**PROBLEM REQUIREMENTS**
Look for "Unggul di Jateng, MTsN" in the entries below. Write out that line and all later lines exactly, ending with the final one.
*** Opening of THE DATA ***
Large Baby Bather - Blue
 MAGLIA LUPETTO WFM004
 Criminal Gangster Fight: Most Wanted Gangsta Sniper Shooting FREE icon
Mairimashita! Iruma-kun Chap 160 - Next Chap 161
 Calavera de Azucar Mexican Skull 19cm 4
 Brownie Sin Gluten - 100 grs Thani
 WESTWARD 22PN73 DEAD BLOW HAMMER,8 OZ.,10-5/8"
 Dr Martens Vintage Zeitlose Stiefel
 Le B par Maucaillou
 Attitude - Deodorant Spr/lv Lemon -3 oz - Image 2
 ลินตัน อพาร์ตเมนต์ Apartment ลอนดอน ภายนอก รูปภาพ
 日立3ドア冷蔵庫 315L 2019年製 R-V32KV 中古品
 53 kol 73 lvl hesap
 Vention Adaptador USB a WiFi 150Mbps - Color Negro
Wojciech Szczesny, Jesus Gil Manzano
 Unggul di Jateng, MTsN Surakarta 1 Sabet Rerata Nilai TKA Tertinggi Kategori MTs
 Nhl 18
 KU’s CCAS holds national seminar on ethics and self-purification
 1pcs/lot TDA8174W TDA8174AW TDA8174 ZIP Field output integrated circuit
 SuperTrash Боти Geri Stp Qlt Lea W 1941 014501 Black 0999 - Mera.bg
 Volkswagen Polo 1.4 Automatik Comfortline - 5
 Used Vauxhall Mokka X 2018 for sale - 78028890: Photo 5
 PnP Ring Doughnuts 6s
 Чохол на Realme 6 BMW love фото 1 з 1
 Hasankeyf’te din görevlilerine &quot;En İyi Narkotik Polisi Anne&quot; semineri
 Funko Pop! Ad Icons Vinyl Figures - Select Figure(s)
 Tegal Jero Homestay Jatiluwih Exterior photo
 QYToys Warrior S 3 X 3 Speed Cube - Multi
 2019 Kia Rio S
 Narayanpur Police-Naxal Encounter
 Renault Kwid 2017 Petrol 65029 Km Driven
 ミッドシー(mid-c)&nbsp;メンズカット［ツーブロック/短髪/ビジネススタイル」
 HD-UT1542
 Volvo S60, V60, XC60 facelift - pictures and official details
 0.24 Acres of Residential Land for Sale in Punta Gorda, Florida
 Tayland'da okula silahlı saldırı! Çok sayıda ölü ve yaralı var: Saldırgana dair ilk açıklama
*** Close of THE DATA ***
**RESULT OF THE TASK**
 Unggul di Jateng, MTsN Surakarta 1 Sabet Rerata Nilai TKA Tertinggi Kategori MTs
 Nhl 18
 KU’s CCAS holds national seminar on ethics and self-purification
 1pcs/lot TDA8174W TDA8174AW TDA8174 ZIP Field output integrated circuit
 SuperTrash Боти Geri Stp Qlt Lea W 1941 014501 Black 0999 - Mera.bg
 Volkswagen Polo 1.4 Automatik Comfortline - 5
 Used Vauxhall Mokka X 2018 for sale - 78028890: Photo 5
 PnP Ring Doughnuts 6s
 Чохол на Realme 6 BMW love фото 1 з 1
 Hasankeyf’te din görevlilerine &quot;En İyi Narkotik Polisi Anne&quot; semineri
 Funko Pop! Ad Icons Vinyl Figures - Select Figure(s)
 Tegal Jero Homestay Jatiluwih Exterior photo
 QYToys Warrior S 3 X 3 Speed Cube - Multi
 2019 Kia Rio S
 Narayanpur Police-Naxal Encounter
 Renault Kwid 2017 Petrol 65029 Km Driven
 ミッドシー(mid-c)&nbsp;メンズカット［ツーブロック/短髪/ビジネススタイル」
 HD-UT1542
 Volvo S60, V60, XC60 facelift - pictures and official details
 0.24 Acres of Residential Land for Sale in Punta Gorda, Florida
 Tayland'da okula silahlı saldırı! Çok sayıda ölü ve yaralı var: Saldırgana dair ilk açıklama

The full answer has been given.